## Problem to work on
Only the lines from the one containing "Stipa Tenuissima" through the end of the data belong in the answer; reproduce them exactly.

Short text fragments from websites:
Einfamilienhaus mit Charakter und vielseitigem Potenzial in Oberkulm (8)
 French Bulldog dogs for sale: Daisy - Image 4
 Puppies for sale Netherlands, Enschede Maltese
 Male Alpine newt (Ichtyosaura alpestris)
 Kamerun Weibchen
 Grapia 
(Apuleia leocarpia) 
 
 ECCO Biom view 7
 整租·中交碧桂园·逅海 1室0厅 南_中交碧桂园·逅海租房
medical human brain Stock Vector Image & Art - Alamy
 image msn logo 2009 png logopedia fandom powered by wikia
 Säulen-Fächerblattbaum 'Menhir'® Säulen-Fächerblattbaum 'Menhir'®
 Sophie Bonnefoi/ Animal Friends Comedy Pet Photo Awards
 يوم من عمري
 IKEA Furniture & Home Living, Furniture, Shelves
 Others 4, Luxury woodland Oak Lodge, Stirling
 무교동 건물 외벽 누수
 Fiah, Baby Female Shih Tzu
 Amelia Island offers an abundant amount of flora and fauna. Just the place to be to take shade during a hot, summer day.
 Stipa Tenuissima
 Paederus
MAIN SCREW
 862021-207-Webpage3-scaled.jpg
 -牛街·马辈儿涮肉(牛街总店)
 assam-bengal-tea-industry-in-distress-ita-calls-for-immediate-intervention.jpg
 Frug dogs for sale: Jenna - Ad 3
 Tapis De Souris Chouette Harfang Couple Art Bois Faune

## Task result
 Stipa Tenuissima
 Paederus
MAIN SCREW
 862021-207-Webpage3-scaled.jpg
 -牛街·马辈儿涮肉(牛街总店)
 assam-bengal-tea-industry-in-distress-ita-calls-for-immediate-intervention.jpg
 Frug dogs for sale: Jenna - Ad 3
 Tapis De Souris Chouette Harfang Couple Art Bois Faune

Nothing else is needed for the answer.